La mer profonde est définie comme la partie de l’océan située en dessous de 200 mètres de profondeur. Cet environnement est considéré comme extrêmement rude avec des températures inférieures à 5 degrés Celsius, une pression extrême (2 000 mètres équivalent à environ 200 fois la pression atmosphérique au niveau de la mer), et aucune lumière solaire. Les animaux des profondeurs ont dû évoluer, souvent par des adaptations inhabituelles et uniques, pour vivre, se reproduire et prospérer dans ces conditions uniques.
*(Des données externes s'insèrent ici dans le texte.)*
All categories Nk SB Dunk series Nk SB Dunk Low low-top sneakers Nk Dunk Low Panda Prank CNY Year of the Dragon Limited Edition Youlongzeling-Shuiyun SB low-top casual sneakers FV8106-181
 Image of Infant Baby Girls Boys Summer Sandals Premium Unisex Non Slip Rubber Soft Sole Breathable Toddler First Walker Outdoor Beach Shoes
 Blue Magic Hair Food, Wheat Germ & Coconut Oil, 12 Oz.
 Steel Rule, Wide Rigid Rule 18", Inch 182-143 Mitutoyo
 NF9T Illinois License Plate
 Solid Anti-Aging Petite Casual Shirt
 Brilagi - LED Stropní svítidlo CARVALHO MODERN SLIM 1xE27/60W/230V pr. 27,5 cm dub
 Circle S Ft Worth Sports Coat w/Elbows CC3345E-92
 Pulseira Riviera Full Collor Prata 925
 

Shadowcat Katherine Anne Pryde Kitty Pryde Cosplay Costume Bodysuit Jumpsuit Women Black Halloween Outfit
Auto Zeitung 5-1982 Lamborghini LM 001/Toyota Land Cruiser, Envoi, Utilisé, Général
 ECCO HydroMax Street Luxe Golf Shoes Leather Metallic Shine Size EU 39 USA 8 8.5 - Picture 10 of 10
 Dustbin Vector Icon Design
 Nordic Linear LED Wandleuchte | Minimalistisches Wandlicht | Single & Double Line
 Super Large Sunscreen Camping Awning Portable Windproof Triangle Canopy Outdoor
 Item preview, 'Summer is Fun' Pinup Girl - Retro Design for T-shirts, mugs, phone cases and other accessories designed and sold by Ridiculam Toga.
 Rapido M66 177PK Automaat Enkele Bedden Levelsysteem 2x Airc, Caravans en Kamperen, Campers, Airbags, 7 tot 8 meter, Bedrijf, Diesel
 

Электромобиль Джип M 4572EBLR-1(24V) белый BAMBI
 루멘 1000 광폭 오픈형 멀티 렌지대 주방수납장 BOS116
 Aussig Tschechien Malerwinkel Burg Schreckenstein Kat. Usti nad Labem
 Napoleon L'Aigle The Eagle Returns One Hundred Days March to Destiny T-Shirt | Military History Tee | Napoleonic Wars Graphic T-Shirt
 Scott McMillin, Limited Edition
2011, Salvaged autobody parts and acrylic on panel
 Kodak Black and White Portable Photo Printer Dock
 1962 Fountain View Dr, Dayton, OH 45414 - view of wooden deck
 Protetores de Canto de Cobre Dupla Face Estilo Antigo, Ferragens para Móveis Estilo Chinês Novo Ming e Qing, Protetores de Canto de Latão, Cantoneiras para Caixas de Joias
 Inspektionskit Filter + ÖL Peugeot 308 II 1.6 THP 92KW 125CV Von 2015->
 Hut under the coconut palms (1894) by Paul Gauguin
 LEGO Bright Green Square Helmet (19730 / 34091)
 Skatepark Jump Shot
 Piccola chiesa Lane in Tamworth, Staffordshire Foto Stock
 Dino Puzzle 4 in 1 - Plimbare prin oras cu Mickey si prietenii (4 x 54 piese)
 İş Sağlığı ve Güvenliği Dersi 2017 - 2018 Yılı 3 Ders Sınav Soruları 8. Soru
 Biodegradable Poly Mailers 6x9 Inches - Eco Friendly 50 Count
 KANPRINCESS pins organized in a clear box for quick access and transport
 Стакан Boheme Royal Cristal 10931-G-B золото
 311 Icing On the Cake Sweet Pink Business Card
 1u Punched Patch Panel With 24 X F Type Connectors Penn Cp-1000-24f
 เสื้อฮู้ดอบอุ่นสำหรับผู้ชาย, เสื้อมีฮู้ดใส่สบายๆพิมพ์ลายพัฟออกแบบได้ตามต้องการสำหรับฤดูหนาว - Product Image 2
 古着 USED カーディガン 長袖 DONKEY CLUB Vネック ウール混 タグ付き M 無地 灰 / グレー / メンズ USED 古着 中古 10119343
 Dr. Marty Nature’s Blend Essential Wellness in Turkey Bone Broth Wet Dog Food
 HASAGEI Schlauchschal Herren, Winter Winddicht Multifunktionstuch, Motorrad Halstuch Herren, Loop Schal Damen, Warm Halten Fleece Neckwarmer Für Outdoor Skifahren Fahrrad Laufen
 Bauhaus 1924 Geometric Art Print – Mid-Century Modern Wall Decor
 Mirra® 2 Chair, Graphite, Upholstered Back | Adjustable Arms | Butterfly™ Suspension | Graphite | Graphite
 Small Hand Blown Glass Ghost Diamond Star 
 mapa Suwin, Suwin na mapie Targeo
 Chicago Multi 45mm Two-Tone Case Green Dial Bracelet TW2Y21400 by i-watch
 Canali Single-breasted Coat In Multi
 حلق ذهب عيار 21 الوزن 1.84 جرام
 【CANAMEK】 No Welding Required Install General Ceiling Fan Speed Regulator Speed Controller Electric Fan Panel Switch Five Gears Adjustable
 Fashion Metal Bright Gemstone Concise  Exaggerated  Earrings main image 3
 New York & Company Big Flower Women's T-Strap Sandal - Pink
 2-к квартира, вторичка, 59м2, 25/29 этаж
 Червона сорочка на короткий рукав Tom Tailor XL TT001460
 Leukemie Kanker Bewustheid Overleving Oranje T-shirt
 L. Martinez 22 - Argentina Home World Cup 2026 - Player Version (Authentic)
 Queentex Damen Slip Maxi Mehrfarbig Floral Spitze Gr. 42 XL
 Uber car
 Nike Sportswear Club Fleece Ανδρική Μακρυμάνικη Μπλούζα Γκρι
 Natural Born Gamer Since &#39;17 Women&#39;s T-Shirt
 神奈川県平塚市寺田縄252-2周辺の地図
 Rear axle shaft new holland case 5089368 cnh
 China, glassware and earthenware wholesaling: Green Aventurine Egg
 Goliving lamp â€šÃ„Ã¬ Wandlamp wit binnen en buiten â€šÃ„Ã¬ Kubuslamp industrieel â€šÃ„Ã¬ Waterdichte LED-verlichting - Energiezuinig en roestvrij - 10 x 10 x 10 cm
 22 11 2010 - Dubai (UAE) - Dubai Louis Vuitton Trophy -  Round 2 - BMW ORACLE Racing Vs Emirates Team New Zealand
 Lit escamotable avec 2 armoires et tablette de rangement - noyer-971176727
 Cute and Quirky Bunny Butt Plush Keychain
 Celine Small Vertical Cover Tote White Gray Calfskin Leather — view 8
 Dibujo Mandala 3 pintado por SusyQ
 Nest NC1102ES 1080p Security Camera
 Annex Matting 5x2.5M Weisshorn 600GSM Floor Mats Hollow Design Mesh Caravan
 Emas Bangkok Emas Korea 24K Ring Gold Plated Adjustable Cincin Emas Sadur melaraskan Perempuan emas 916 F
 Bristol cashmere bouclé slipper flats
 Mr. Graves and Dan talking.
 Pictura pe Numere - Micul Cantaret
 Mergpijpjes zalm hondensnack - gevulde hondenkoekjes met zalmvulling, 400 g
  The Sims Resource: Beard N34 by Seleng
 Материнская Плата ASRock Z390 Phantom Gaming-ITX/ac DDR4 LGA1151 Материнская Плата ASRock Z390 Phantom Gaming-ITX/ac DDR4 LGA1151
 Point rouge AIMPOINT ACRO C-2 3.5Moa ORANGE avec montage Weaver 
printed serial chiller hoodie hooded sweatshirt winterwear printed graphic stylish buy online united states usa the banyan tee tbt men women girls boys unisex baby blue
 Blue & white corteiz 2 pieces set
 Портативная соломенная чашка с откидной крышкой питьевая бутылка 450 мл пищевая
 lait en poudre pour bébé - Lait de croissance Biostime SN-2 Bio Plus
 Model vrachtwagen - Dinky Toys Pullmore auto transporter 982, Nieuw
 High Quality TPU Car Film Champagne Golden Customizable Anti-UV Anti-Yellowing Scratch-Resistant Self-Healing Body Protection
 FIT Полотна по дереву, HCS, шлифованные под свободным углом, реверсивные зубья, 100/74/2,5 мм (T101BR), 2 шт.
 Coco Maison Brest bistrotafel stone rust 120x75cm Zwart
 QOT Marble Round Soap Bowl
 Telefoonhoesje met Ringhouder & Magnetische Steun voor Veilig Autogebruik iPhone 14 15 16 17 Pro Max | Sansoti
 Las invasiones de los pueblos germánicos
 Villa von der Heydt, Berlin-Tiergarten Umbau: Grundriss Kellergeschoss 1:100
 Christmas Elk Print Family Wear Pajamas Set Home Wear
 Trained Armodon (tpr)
Jusqu’à la fin du 19e siècle, beaucoup de gens considéraient que les grandes profondeurs de l’océan étaient trop dures pour accueillir la vie. Par conséquent, elles étaient largement inexplorées. À partir du début du XIXe siècle, des scientifiques européens ont commencé à sonder les profondeurs de l’Atlantique Nord pour voir s’ils pouvaient trouver de la vie dans les eaux profondes. Sur la base de quelques échantillons initiaux suggérant que des animaux vivaient dans les profondeurs de l’océan, le H.M.S. Challenger a été chargé d’une expédition autour du monde qui a duré de 1872 à 1876. Il a réussi à trouver une vie animale diversifiée jusqu’à 5 500 mètres et à faire d’autres découvertes importantes. Près d’un siècle plus tard, l’exploration des grands fonds lors de l’expédition danoise Galathea a permis de récupérer des animaux dans la fosse des Philippines, à 10 190 mètres.
Nous savons que la vie peut exister aux plus grandes profondeurs de l’océan, mais comment ces animaux se sont-ils adaptés à ces environnements extrêmes ?
Les animaux des profondeurs ont évolué pour contourner les problèmes liés à la vie en dessous de 2000m.
Vu l’absence de lumière solaire à de grandes profondeurs océaniques, comment les animaux des profondeurs se retrouvent-ils dans le noir ?
L’absence de lumière solaire a conduit à des adaptations visuelles et chimiques uniques. De nombreux poissons ont la capacité de produire une lumière chimique, un phénomène appelé bioluminescence, en oxydant des composés organiques.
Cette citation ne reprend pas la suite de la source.